Retiring for a beer later in the day we were able to reflect that Siem Reap had been one of our favorite stops on our trip, so far. Some five nights in the town had flown by. Out of the main tourist seasons the hotels, restaurants and markets had provided a relaxed setting for exploration with locals eager for both business and general conversation. Siem Reap had proven to be a very easy living city, where we felt we had made a few friends, even in the few short days we had been there.
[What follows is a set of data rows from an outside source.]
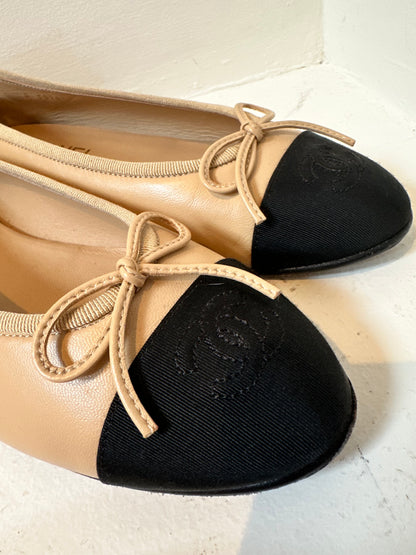Chanel used pair beige ballerinas size 37,5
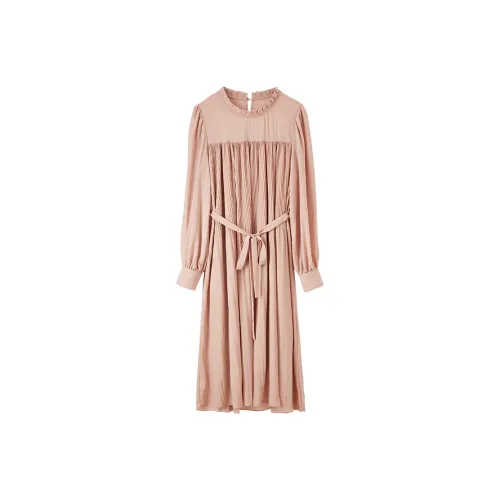 FANQIN Long-Sleeved Dresses Women's Dusty Pink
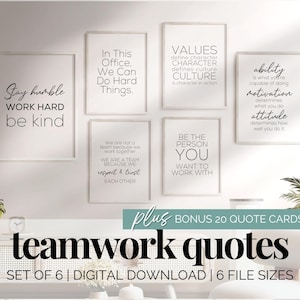 Office Wall Art Teamwork Poster Bundle Office Wall Decor Inspirational Leadership Quotes Team Office Decor Motivational HR Office Quotes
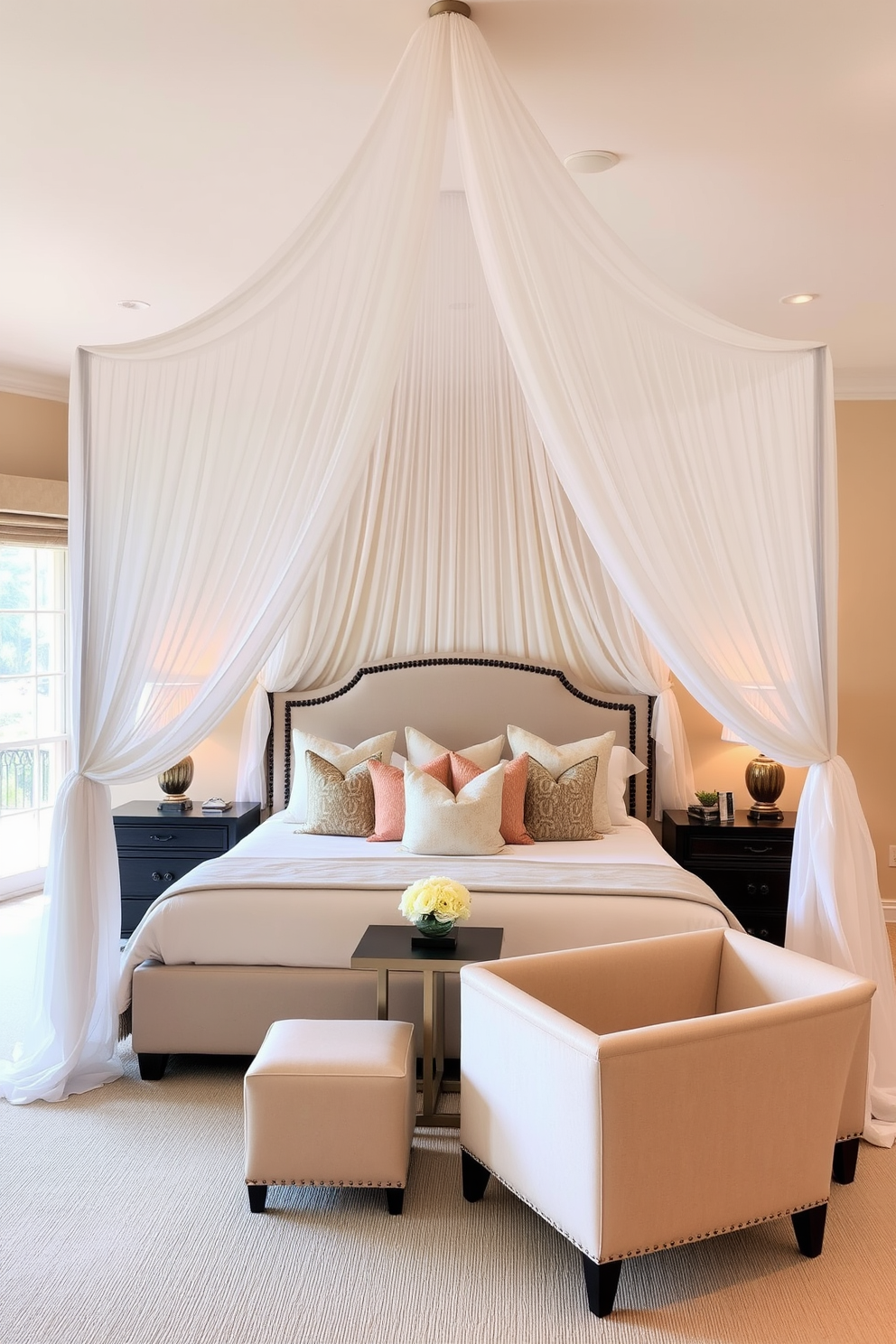 A large bedroom features a stunning canopy bed draped with sheer white fabric that cascades down to the floor. The walls are painted in a soft beige tone, complemented by plush cream-colored bedding and an assortment of decorative pillows. On either side of the bed, elegant nightstands hold stylish lamps that cast a warm glow. A cozy seating area with a pair of armchairs and a small side table is positioned by a large window, allowing natural light to fill the space.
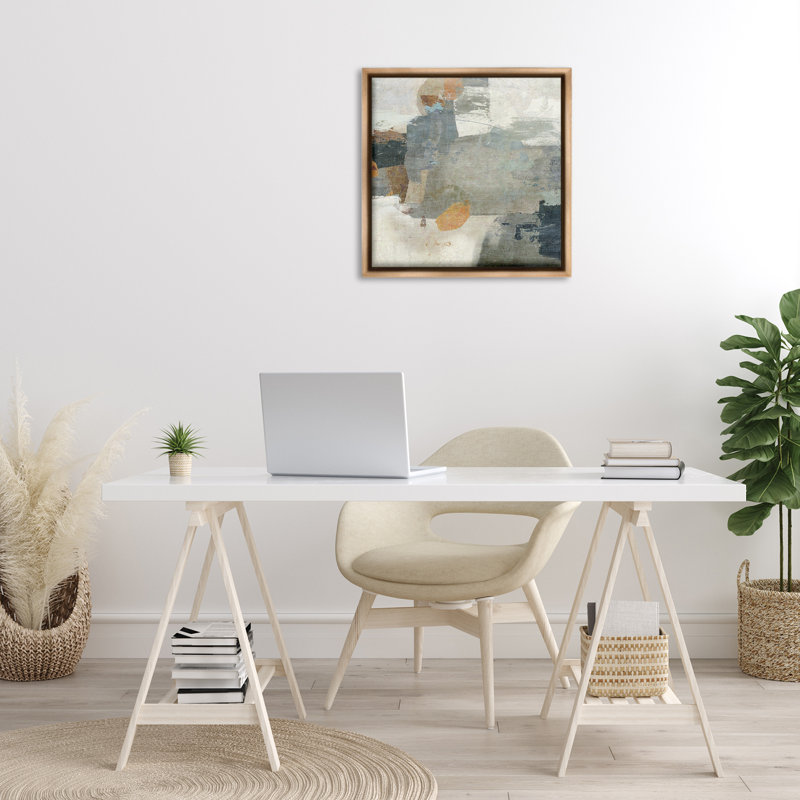 Rustic Grey Paint Strokes  Canvas Wall Art by Suzanne Nicoll, Montalcino Elm Floater Frame, 25" H x 25" W x 1.7" D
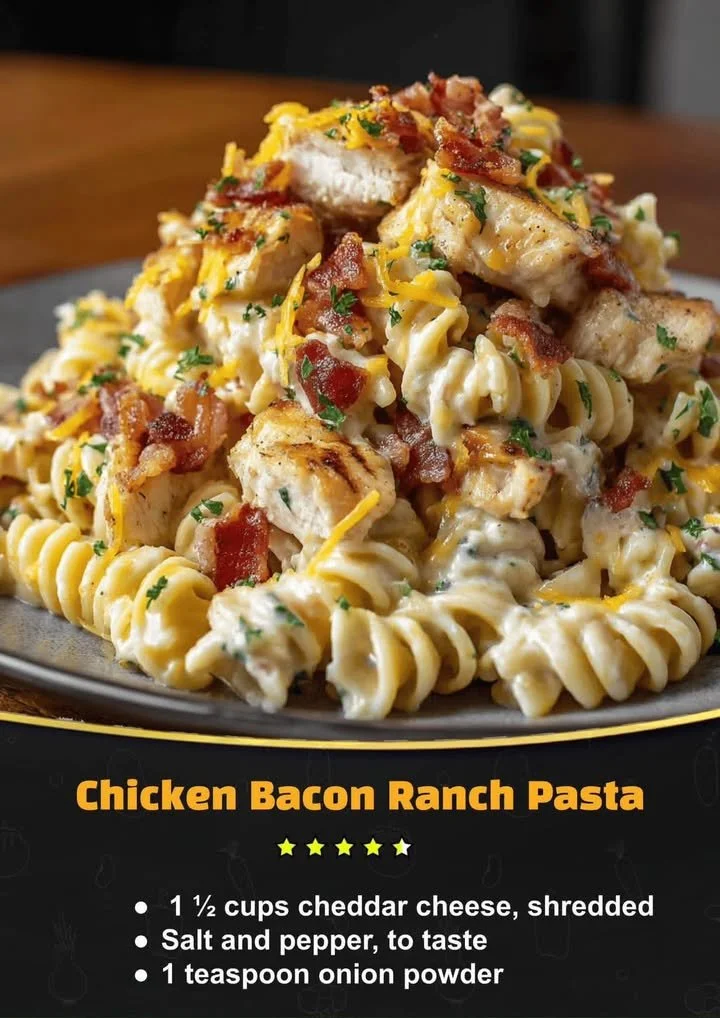 Delicious Chicken Bacon Ranch Pasta served in a bowl with crispy bacon and fresh herbs.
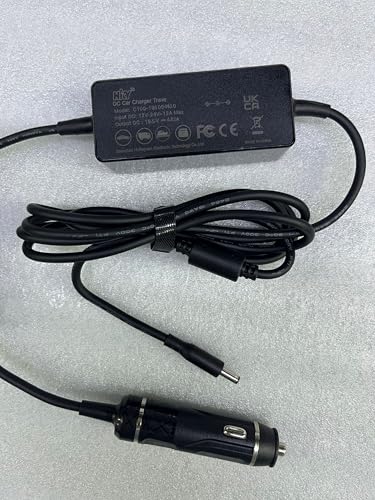 HKY Laptop Car Charger for Dell 7.4 mm Barrel 90W 65W 45W DC Power Adapter Cord 12V-24V Vehicle Auto Airplane Boat Charger for Dell Inspiron/Latitude/Precision/Studio/Vostro/XPS 14 Series Laptops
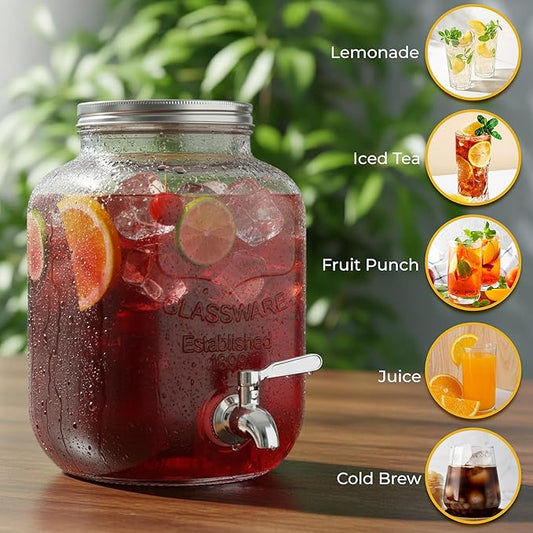 Zulay Kitchen 1 Gallon Cold Brew Coffee Maker with EXTRA-THICK Glass Carafe & Stainless Steel Mesh Filter - Premium Iced Coffee Maker, Cold Brew Pitcher & Tea Infuser (Silver)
Returning to our hotel one of our new friends, Koh San and the Batmobile, by chance, picked us up for our final Siem Reap tuk-tuk ride. Riding back in the darkness the sights and smells of the city as it prepared to slumber were intoxicating. Relaxing as we approached our hotel we suddenly found ourselves fighting to avoid disaster. Rather than dropping us at the bottom of small flight of stairs outside our hotel, as was typical of most tuk-tuk drivers, Koh San had decided to take the small ramp up to the very front entrance of the large and imposing hotel. In a tuk-tuk we had proven on our arrival that this was possible. However, not if the steep inside edge of the gently curving right to left ramp is taken. Inches from the top our scooter stalled. At that point we started rolling back towards stone statues and cars. Eager to avoid these Koh San turned us sideways. This of course made the whole, now unstable vehicle, want to turn over. Only, the intervention of two security guards and a night porter saved us from the ignominy and pain of toppling over and Koh San from a very expensive repair bill. Safely at the bottom of the ramp the incident had clearly shaken Koh San, nursing his arm having clearly hit it at some point. We were just glad nothing worse had happened. How would we have ever explained to Ed and Miran that we had written off the Batmobile!